MIAMI — It's appropriate the Super Bowl to end droughts will take place in Miami.
The Kansas City Chiefs are playing in the game for the first time in 50 years against the San Francisco 49ers, who have a chance to win their first NFL title in 25 years. The game is returning to Miami for the first time in a decade, lured back after a stadium renovation that cost more than $550 million.
The Who wouldn't recognize the stadium. The classic rock band performed at halftime the last time the Super Bowl took place in Miami, 10 years ago as the New Orleans Saints beat the Indianapolis Colts 31-17 in Super Bowl XLIV.
Now the game is back for the 11th time, the most of any city, as the NFL concludes its centennial season on Feb. 2 with Super Bowl LIV between the AFC champion Chiefs (14-4) and the NFC champion 49ers (15-3). Kickoff is at 6:30 p.m. and Fox will televise the game.
"We're thrilled to be back in Miami," said Peter O'Reilly, NFL executive vice president of league events and club business development. "It feels like the right way to finish this 100th season, because we've had so many great games here."
Miami is where Green Bay Packers coach Vince Lombardi won his final NFL title in the second Super Bowl; where Joe Namath delivered on his guarantee as the New York Jets upset the Baltimore Colts the following year; and where prolific passers Peyton Manning and Drew Brees won their first championship rings.
However, the stadium the Dolphins call home, which opened in 1987 and is actually in suburban Miami Gardens, needed a significant makeover to remain part of the Super Bowl rotation.
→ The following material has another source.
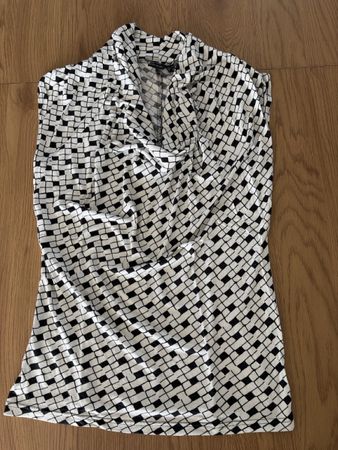 Bodyflirt Top Gr. 36/38 schwarz-weiss Muster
Team owner Stephen Ross, who also owns the venue — known as Hard Rock Stadium since 2016 — spent his own money on the multiyear renovation.
"The Super Bowl would not be here had it not been for massive private investment by the Dolphins," said Rolando Aedo, an executive with the Greater Miami Convention and Visitors Bureau.
Ten years between Super Bowls matched the longest such stretch for the area.
"It was painful," said Rodney Barreto, chairman of the Miami Super Bowl Host Committee. "But all credit to Stephen Ross, who wrote the big check to modernize the stadium."
Upgrades included new seats, suites, concessions, bathrooms, pedestrian bridges and tunnels, and a canopy to protect spectators from sun and rain.
New trees and plazas transformed the grounds into much more than a parking lot, and the complex is now the home of the Miami Open tennis tournament. The stadium in the suburb of Miami Gardens also plays host to the college football championship, Miami Hurricanes games, international soccer matches and concerts.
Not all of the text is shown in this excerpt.